The 90-page document provides a chilling account of how CIA health professionals willingly participated in torture. The "Summary and Reflections" of an unnamed chief of CIA Medical Services narrates the decision-making process that led to health professionals signing off on, and participating in, interrogation and detention practices that clearly constituted torture. The document provides a cascade of self-justification and minimization of the risks and harm to detainees.
"While much of the information in this document was already known, the step-by-step internal process it details shows how health professionals continually acceded to the demands of those running the interrogation regime, relied on flawed legal interpretations of torture definitions, and failed to live up to their duty to 'do no harm,'" said Scott Allen, MD, FACP, professor emeritus at University of California Riverside School of Medicine and PHR medical advisor.
The document further describes how certain techniques, such as confinement in a coffin-sized box, forced nakedness, near-hypothermia, prolonged sleep deprivation, and waterboarding were not considered to be torture because they were deemed not to cause "prolonged (mental) harm lasting months or years." It is now clear that these determinations were based on the Office of Legal Counsel's faulty interpretation of torture that elevated physical and mental pain thresholds and the condition of specific intent to cause such pain.

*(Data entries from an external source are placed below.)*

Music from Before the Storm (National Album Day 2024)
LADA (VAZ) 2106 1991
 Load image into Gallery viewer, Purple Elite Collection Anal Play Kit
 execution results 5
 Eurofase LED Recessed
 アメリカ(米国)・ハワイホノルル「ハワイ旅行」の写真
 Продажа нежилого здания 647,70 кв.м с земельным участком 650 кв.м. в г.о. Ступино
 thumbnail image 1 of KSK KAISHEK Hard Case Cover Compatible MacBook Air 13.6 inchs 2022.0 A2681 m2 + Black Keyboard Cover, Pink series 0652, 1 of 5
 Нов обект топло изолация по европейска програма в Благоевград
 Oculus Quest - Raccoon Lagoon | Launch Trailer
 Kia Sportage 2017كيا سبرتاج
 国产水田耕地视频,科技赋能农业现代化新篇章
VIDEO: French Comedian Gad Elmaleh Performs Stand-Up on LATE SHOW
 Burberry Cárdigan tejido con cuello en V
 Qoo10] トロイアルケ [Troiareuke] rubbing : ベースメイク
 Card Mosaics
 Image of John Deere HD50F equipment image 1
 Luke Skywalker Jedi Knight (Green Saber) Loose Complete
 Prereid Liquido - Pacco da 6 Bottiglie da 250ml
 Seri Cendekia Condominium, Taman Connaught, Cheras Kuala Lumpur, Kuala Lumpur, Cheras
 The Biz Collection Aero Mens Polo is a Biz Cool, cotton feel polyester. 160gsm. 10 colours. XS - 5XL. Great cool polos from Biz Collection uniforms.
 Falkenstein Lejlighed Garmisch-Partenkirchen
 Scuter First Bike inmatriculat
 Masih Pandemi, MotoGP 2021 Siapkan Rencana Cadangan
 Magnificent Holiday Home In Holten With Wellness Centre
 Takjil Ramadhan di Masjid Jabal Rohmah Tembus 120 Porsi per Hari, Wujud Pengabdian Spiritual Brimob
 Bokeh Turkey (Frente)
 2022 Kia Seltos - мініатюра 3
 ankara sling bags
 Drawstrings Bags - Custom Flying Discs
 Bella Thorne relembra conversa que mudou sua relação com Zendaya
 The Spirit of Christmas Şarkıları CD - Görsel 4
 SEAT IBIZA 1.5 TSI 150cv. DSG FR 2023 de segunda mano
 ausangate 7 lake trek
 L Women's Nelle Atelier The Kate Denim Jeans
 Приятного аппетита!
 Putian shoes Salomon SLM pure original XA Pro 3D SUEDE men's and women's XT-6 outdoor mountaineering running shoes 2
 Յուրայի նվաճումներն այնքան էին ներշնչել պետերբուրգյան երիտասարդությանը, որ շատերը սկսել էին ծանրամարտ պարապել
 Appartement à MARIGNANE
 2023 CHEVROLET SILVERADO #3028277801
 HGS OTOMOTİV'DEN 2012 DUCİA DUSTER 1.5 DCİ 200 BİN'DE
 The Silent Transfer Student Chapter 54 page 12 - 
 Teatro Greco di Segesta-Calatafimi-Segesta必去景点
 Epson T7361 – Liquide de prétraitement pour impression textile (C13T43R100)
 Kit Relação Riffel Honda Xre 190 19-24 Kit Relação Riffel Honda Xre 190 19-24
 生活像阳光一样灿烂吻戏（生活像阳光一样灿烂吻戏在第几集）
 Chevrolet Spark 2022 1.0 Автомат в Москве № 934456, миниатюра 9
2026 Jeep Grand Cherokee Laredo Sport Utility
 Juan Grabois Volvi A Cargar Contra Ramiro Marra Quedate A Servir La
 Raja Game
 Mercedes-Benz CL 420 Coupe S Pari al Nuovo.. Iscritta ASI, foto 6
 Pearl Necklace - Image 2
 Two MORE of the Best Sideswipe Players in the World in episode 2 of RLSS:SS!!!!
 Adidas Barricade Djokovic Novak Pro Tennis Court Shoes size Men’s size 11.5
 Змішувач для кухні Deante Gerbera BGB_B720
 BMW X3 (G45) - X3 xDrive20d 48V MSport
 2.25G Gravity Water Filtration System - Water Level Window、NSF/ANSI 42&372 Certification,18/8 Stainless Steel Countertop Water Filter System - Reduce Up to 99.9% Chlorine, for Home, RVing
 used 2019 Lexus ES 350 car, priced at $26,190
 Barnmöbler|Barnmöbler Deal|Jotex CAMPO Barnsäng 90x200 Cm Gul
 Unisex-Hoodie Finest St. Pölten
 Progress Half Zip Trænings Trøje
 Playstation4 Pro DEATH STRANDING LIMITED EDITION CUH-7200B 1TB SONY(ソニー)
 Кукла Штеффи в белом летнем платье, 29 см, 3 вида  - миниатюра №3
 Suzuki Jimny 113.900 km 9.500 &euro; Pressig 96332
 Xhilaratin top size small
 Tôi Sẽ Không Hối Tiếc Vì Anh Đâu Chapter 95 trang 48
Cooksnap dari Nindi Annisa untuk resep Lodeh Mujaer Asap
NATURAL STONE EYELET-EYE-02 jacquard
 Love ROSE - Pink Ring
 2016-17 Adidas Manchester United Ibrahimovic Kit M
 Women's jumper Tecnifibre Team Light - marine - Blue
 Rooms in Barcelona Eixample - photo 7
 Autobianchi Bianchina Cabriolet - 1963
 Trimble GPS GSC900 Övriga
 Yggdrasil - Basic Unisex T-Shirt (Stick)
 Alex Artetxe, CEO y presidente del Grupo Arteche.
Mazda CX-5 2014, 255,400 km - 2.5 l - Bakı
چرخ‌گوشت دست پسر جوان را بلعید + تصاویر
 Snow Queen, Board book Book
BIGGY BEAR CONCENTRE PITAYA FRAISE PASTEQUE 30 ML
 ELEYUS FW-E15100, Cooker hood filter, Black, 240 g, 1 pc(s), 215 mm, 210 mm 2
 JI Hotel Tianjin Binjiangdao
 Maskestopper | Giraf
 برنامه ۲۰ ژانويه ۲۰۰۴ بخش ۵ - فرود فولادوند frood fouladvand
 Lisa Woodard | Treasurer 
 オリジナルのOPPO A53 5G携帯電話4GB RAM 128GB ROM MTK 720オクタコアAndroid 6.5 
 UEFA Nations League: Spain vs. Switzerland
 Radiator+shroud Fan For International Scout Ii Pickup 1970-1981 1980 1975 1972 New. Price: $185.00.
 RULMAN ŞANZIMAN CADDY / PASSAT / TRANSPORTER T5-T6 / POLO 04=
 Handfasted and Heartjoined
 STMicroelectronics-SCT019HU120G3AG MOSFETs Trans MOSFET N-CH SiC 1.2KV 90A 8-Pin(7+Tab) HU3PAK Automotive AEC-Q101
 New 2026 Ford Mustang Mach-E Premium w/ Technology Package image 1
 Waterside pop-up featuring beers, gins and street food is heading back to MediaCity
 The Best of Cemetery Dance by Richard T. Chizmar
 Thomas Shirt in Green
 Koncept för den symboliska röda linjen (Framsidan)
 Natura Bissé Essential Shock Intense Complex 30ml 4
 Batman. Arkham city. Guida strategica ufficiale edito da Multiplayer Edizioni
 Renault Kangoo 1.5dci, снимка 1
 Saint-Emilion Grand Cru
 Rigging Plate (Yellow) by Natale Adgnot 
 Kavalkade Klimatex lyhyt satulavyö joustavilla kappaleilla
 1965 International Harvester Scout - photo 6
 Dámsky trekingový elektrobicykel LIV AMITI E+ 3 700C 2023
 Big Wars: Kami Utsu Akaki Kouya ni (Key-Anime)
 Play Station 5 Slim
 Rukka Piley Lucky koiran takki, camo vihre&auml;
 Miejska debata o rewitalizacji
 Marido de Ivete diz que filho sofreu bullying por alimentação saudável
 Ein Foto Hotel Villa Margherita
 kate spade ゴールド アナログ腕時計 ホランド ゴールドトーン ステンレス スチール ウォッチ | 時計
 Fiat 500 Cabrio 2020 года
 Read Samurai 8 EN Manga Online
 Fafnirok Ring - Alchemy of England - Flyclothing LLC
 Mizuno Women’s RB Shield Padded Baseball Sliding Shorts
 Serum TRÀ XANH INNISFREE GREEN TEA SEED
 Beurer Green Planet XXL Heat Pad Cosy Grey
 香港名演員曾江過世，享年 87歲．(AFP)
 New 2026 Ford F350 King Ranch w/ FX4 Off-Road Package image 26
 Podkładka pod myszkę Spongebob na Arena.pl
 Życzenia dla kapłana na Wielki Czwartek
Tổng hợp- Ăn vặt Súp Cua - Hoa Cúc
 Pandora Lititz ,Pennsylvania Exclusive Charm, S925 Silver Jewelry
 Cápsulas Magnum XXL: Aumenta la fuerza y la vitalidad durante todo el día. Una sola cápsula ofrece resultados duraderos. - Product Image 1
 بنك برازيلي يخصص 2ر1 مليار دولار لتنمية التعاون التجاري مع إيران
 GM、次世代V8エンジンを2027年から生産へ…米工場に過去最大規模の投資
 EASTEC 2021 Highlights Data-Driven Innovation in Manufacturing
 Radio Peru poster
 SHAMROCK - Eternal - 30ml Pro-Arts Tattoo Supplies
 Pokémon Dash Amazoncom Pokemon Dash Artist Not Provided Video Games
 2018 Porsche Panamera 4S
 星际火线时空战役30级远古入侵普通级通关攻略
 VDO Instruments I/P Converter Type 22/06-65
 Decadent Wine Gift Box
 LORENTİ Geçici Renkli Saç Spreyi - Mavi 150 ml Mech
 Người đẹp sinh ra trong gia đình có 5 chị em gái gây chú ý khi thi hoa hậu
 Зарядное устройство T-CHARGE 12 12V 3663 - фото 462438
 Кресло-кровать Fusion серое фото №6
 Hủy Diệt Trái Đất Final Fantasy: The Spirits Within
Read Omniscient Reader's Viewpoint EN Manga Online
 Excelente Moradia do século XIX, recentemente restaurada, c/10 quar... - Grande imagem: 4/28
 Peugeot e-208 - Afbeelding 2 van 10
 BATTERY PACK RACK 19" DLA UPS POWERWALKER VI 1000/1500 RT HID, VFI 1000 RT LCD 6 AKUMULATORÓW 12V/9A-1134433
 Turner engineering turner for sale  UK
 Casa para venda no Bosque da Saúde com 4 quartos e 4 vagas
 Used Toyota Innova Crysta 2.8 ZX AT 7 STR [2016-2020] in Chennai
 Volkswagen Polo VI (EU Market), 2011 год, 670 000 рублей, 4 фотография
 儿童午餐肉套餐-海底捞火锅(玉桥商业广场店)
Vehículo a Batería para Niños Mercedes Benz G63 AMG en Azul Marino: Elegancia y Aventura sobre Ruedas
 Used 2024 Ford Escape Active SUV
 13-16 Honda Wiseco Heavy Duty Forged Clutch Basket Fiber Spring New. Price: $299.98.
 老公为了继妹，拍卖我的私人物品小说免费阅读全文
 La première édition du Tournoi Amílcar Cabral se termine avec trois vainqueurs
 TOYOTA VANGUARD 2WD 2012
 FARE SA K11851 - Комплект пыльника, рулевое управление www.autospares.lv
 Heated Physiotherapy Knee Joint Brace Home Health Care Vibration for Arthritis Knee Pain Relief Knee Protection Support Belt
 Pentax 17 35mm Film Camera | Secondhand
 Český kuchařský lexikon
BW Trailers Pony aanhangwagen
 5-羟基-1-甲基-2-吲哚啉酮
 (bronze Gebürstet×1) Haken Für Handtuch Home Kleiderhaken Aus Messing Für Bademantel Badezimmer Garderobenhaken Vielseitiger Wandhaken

"The document makes the claim that OMS personnel served to protect detainees and ensure safe, legal, and effective interrogations, but provides no evidence that detainees were evaluated appropriately. In fact, it states that psychological assessments did not include the possibility of post-traumatic stress disorder, the most common psychological condition following torture. The document also fails to mention the OMS practice of forced rectal feeding, for which there is no medical indication and which represents a form of sexual assault" said PHR Senior Medical Advisor Vincent Iacopino, MD, PhD.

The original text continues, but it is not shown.